In the fall of 2018, under Trump’s new federal administration, the EPA responded to the industry group’s petition and granted their request and roll back of the stronger water quality protections granted to Washington State in 2017. When the proposed EPA rollback rule became public on August 6, 2019, Puget Soundkeeper took action – rallying Waterkeepers throughout Washington, collecting comment letters for submission to EPA, and culminating in a Pack the Room meeting on September 25, 2019 that gathered nearly 100 supporters who also attended the EPA hearing later in the day. Puget Soundkeeper submitted formal comments opposing this rollback and are poised to challenge any final action by EPA repealing the protective standards in court.
In 2020, the rollback was finalized and in response, Puget Soundkeeper alongside regional tribes, environmental groups, water quality advocates and fishing organizations filed a lawsuit to fight the Trump administration’s latest effort to dismantle laws that protect Washington State’s clean water and public health.

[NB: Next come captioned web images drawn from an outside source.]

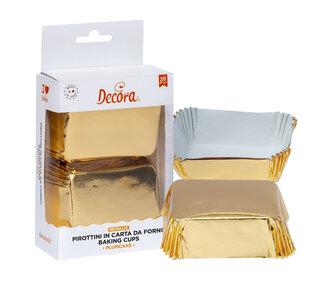 decora Rechthoekige baking cups goud 20st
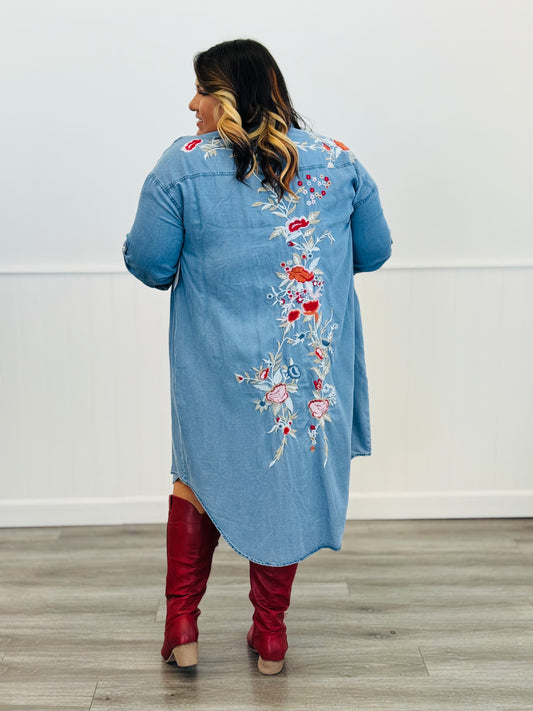 Denim Floral Embroidered Midi Dress (Reg.)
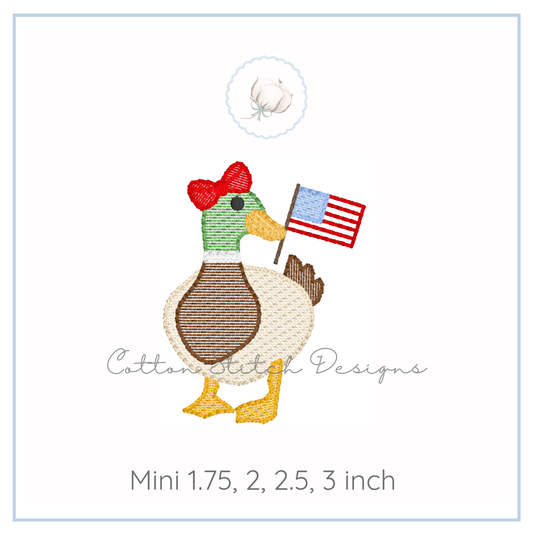Mini Patriotic Mallard Girl Embroidery Design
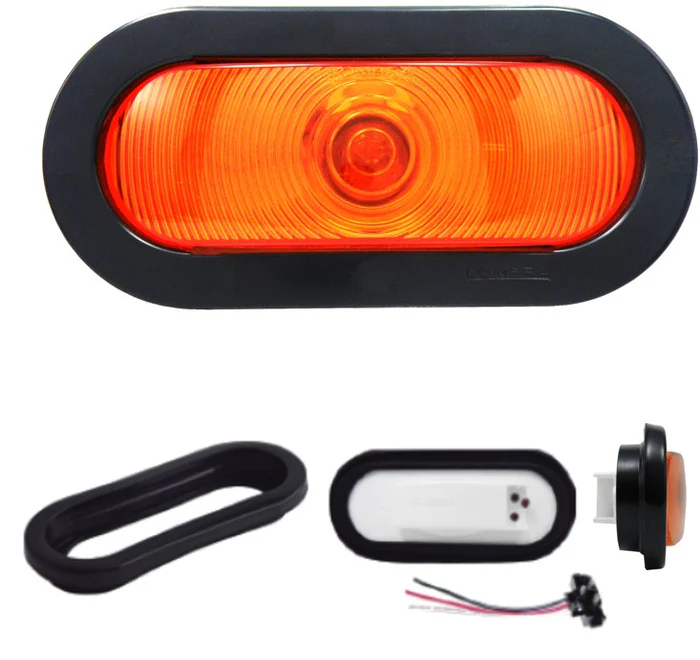 PLAFON AMBAR OVALADO DE GOMA EMBUTIR 6" C/FOCO C/CONECTOR 12V 2625 LOMBRA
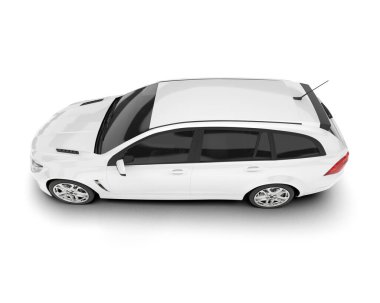 Beyaz şehir arabası beyaz arka planda izole edilmiş. 3d görüntüleme - illüstrasyon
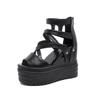 Keilabsatz Sandalen Dicke Sohle Mode Höhensteigerung Kreuzriemen Fischmaul Damenschuhe Freizeit Sandalen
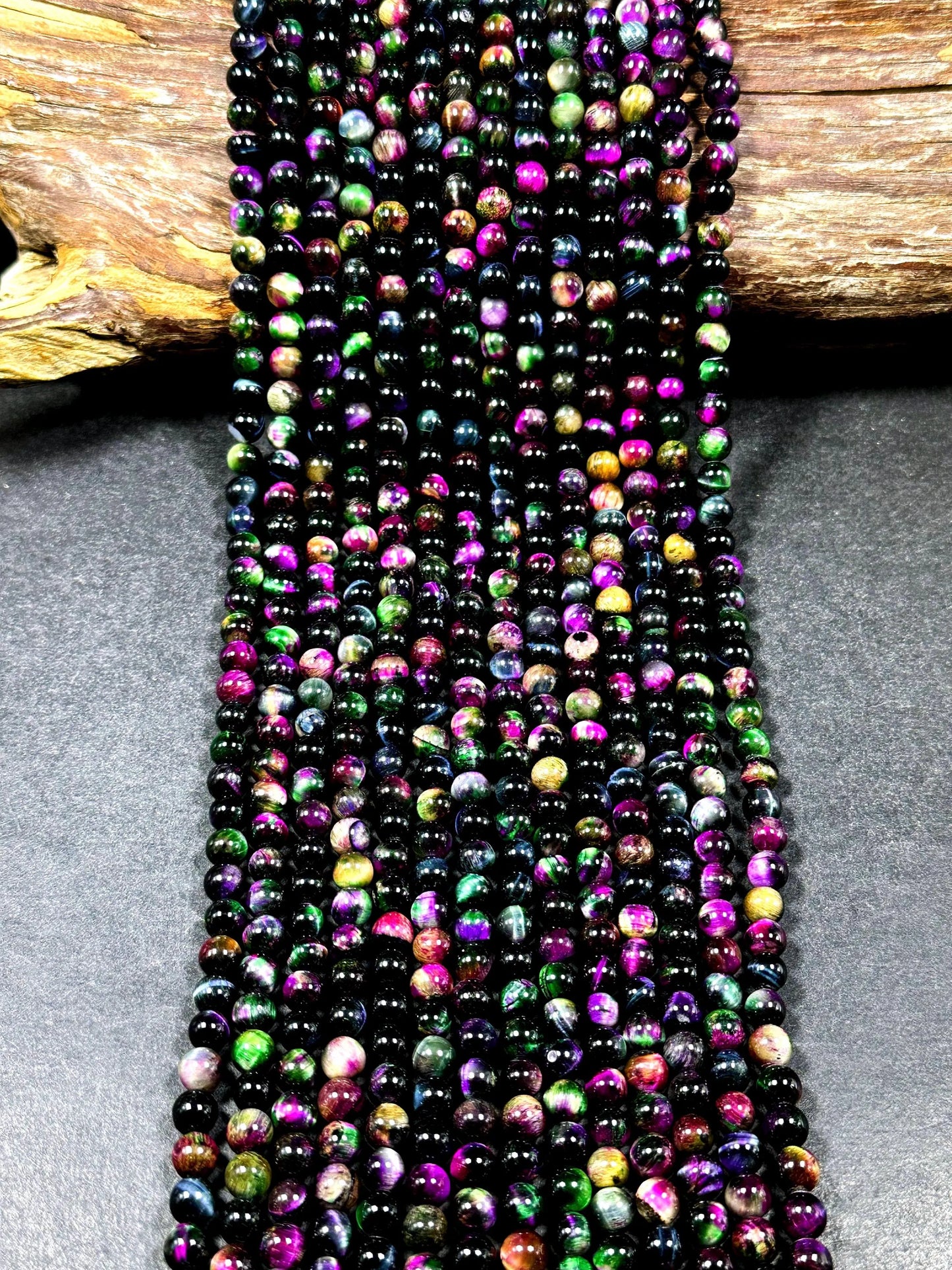 Natural Multicolor Tiger Eye Gemstone 6mm Round Beads, Gorgeous Multicolor Black Pink Green Navy Blue Color Tiger Eye Gemstone Beads 15.5"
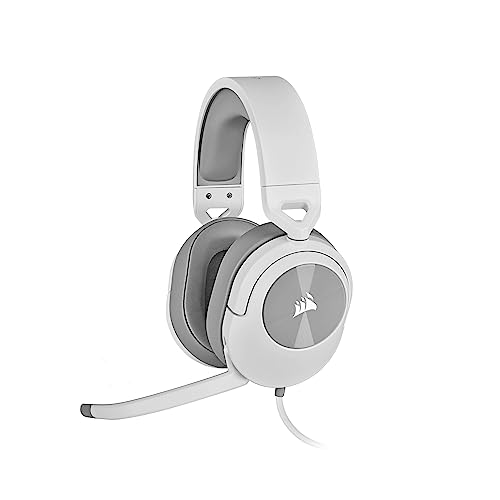 CORSAIR HS55 SURROUND Leichtes Kabelgebundenes Multiplattform-Gaming-Headset - Dolby 7.1 Surround Sound - iCUE-Kompatibel - PC, Mac, PS5, PS4, Xbox, Nintendo Switch, Mobile - Weiß von Corsair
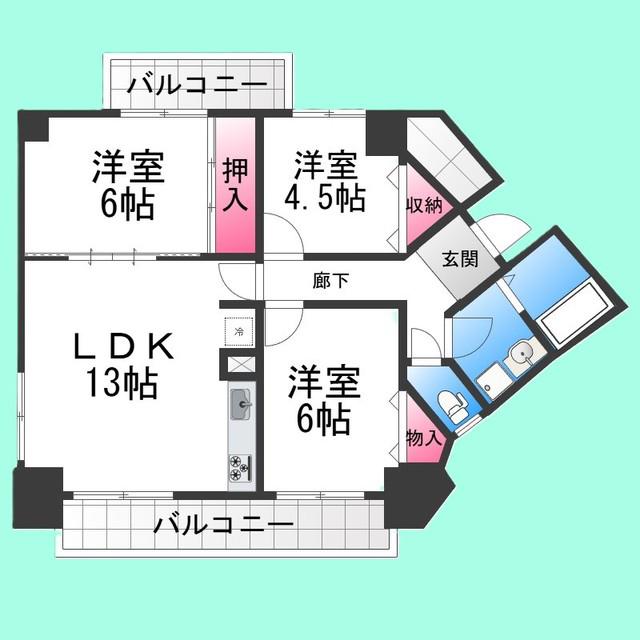 グランブルー宿屋町(3LDK/9階)の間取り写真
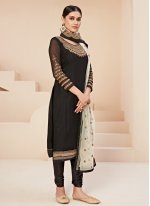 Stone Georgette Trendy Straight Salwar Kameez in Black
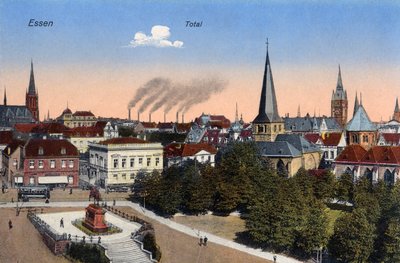 Essen, Alemanha - Vista do centro da cidade, início do século XX (cartão postal) de Unbekannter Künstler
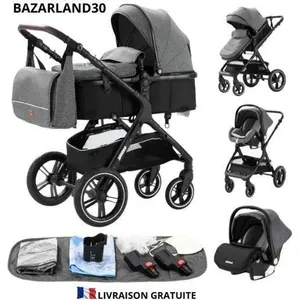 BAZARLAND30.Poussette 3 en 1 Bébé Combinée Siège-Auto Nacelle Trio Rév... pas cher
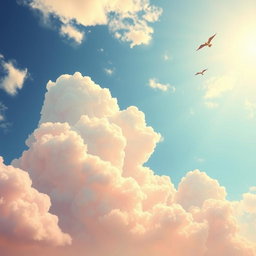 Beautiful animated clouds in the sky, showcasing vibrant colors and dynamic shapes, with a dreamy and whimsical atmosphere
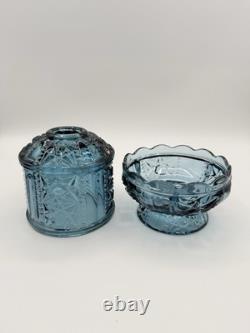 Vintage Indiana Glass Stars & Bars Fairy Lamp Colonial Blue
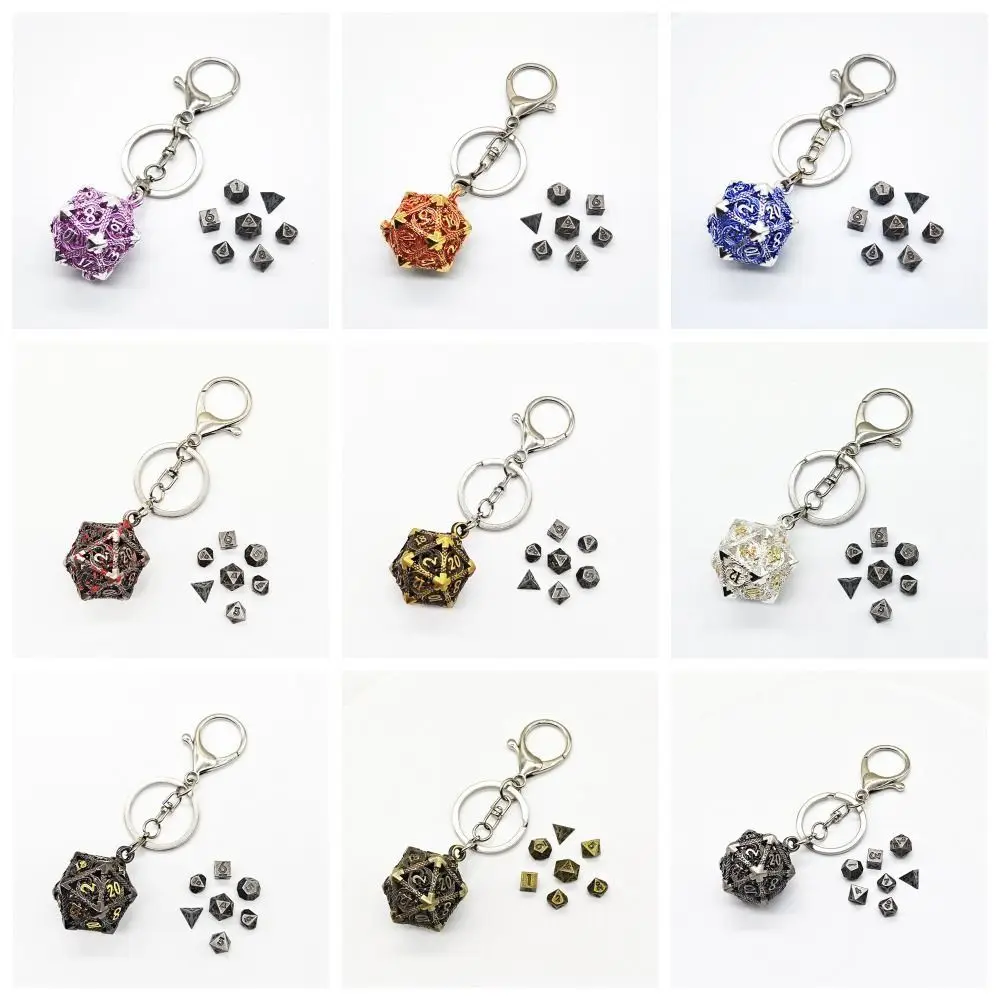 1 Set 20-sided Hollow Metal Dice Keychain DND Exquisite Hollow Metal Dice Keyring TRPG Mini Polyhedral Dice Keychain RPG Game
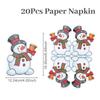 Christmas Gingerbread Man Napkins Merry Christmas Decorations for Home 2025 Navidad Natal Xmas Snowflake Snowman Paper New Year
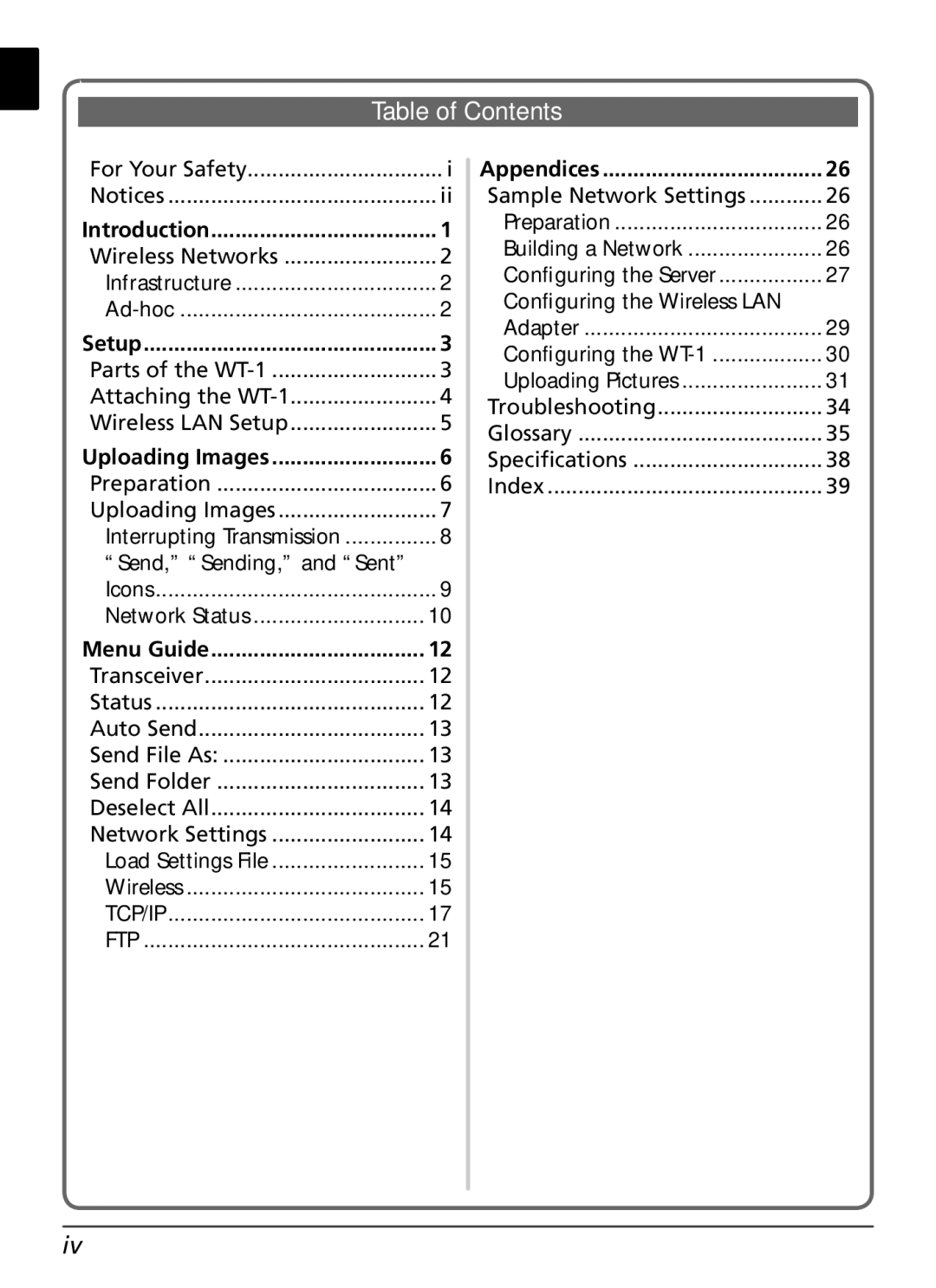 Nikon WT-1 user manual Table of Contents 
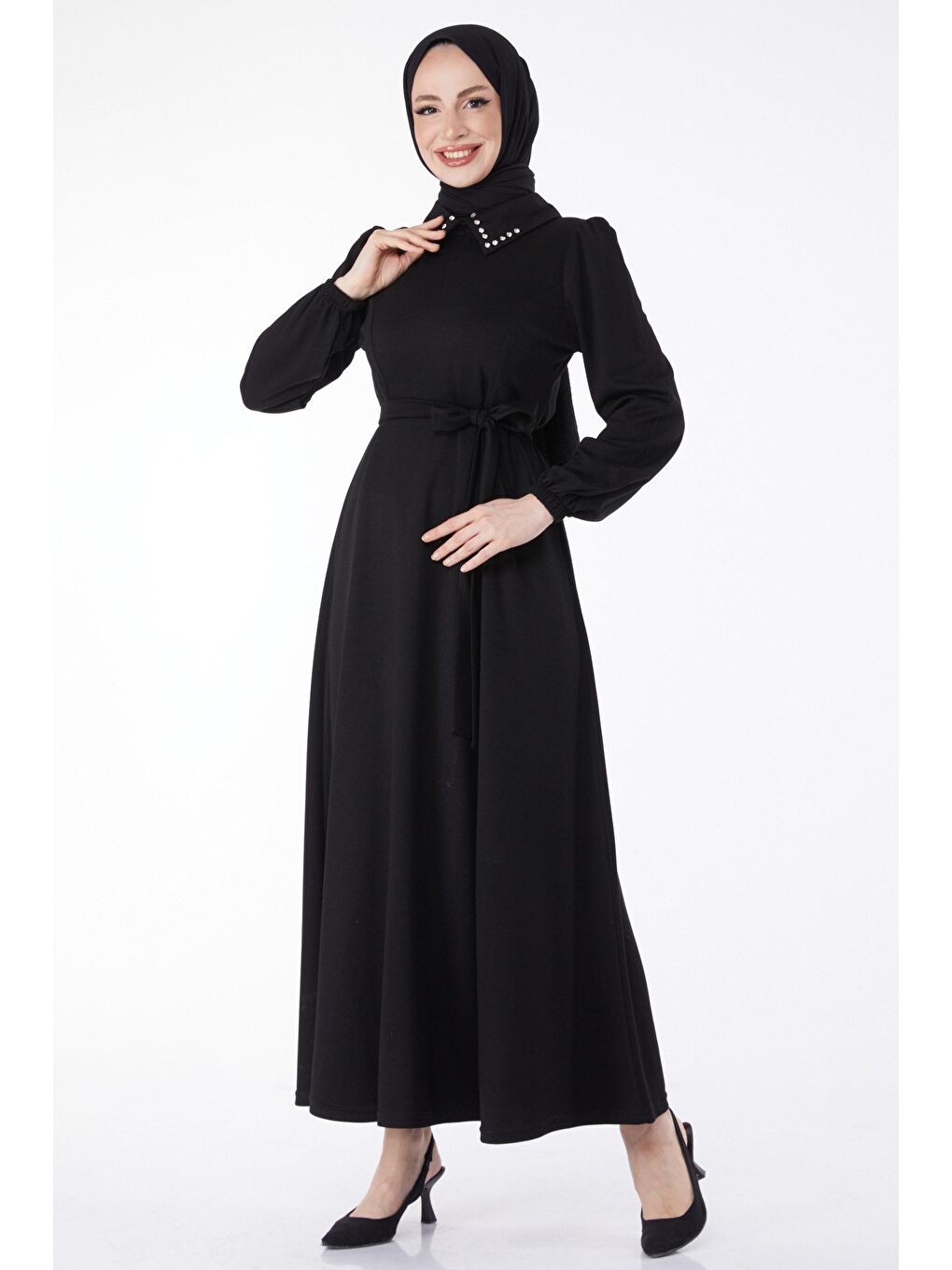 Gömlek Yaka Kadın Siyah Yaka Taş Detaylı Kuşaklı Elbise - 24758
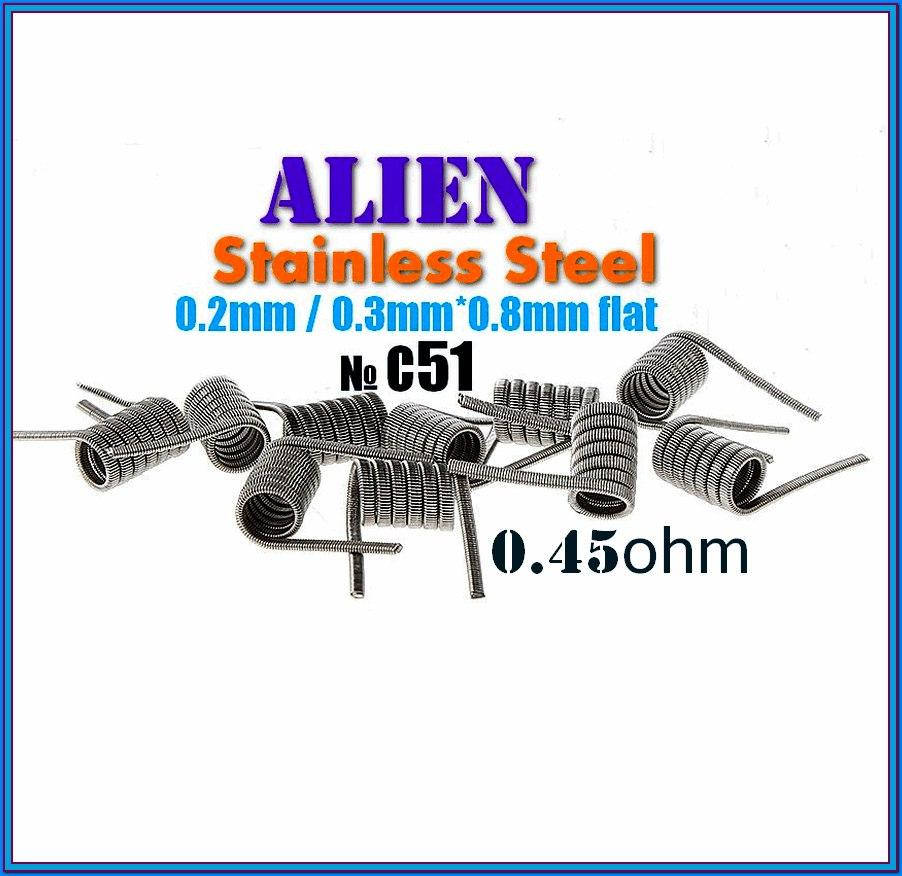 

CS51 Alien 316L 0,45ohm. Stainless Steel. Преднамотаная спираль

This litigation is ongoing and we will continue fighting to protect our communities’ rights to swimmable, fishable, and drinkable waters.
- Puget Soundkeeper and partners send letter to Ecology expressing concern over failure to improve on Washington’s weak water quality standards.
- Puget Soundkeeper and partners send comment letter to Ecology regarding the process of setting new water quality standards.
- Puget Soundkeeper files lawsuit against EPA for not stepping in and setting strong standards in Washington.
- Puget Soundkeeper and other groups send comment letter to Ecology and Governor Inslee asking for strong water quality standards without loopholes for industry.
- Ecology releases draft standards tied to a toxics source control package in the Legislature.
- Toxics package fails in the Legislature.
- Ecology announces they are suspending the state water quality standards process.
- EPA begins their process and releases draft standards for Washington.
- Ecology holds a press conference declaring they will rewrite their draft to preserve state control of the water quality standards.
- Earthjustice submits comment letter on behalf of Waterkeepers Washington urging EPA to finalize their rule.
- Earthjustice, on behalf of Waterkeepers Washington, sends 60-day notice letter to EPA.
- Ecology releases a new draft rule that fails to meet the standard set by the EPA.
- On November 16, 2016, EPA promulgates more protective water quality standards for Washington.
- On February 15, 2017, industry groups petition EPA to rescind the more protective water quality standards it promulgated.
- On August 3, 2018, the EPA, under Trump’s new federal administration, responds positively to the industry petition.
- On May 5, 2019, EPA signals the upcoming rollback of Washington’s water quality standards.
- On May 7, 2019, Ecology Director Maia Bellon sends a letter to EPA objecting to the proposed rollback of Washington’s water quality standards.
- On May 10, 2019, EPA informs Ecology it will roll back Washington’s water quality standards.
- On May 10, 2019, Governor Inslee and Attorney General Bob Ferguson announce a lawsuit by Washington State against EPA for the rollback.
- On June 6, 2019, Washington State files the lawsuit.
- August 6, 2019, EPA opens comments on the rollback through October 7, 2019.
- September 25, 2019, Puget Soundkeeper hosts pre-hearing meeting and Pack the Room event at EPA Hearing in Seattle.
- October 7, 2019, Puget Soundkeeper and partners, represented by Earthjustice, submit technical comments to the EPA opposing the rollback.
- On April 16, 2020, EPA Administer Wheeler signed a final rule to withdraw certain federal Clean Water Act (CWA) human health criteria (HHC) for waters under the State of Washington’s jurisdiction.